### Work required
Return precisely the opening lines of the listing below, ending with the line that contains "Organic Ginger Peach Gallon Iced Tea Bags".

*** Record extracts ***

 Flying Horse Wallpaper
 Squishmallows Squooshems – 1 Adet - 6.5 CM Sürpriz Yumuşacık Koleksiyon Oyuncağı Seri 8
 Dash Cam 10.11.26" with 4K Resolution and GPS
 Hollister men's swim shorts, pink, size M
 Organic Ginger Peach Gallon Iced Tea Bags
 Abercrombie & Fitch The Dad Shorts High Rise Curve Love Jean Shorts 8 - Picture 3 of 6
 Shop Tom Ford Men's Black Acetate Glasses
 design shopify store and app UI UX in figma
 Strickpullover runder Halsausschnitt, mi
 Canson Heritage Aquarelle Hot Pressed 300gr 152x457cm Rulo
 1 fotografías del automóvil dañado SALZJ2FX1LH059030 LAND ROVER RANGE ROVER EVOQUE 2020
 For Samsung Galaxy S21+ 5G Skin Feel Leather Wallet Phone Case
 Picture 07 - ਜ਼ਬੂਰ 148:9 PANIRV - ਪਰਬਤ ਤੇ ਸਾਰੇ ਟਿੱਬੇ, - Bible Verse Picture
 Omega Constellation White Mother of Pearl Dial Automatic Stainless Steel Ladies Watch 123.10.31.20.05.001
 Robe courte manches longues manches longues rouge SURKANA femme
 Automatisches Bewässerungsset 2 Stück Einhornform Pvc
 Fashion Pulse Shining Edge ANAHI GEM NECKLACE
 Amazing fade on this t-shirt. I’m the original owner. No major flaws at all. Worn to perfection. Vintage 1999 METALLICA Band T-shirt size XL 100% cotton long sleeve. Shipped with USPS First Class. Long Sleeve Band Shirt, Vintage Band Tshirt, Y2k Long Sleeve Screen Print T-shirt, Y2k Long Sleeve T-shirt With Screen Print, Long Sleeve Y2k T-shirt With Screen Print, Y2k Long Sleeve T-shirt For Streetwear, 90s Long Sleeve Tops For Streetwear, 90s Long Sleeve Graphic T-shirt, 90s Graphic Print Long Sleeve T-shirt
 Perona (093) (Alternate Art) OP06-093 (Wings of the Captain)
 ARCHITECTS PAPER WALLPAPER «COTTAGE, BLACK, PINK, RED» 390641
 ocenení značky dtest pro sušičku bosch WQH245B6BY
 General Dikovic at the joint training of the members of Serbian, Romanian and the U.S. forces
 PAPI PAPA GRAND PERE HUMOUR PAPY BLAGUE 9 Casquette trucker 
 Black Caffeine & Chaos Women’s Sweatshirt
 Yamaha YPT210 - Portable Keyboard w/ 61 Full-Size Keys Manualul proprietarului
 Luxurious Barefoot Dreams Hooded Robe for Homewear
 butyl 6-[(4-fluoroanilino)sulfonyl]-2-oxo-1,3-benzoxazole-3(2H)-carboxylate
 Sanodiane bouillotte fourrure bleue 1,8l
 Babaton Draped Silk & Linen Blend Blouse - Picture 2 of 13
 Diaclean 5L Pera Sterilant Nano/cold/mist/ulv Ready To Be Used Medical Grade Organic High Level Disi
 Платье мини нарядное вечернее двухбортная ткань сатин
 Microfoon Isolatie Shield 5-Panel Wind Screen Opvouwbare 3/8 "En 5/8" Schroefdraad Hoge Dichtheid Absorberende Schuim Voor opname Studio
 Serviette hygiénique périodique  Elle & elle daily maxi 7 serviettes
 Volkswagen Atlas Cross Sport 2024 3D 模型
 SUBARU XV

***

### Solved problem
 Flying Horse Wallpaper
 Squishmallows Squooshems – 1 Adet - 6.5 CM Sürpriz Yumuşacık Koleksiyon Oyuncağı Seri 8
 Dash Cam 10.11.26" with 4K Resolution and GPS
 Hollister men's swim shorts, pink, size M
 Organic Ginger Peach Gallon Iced Tea Bags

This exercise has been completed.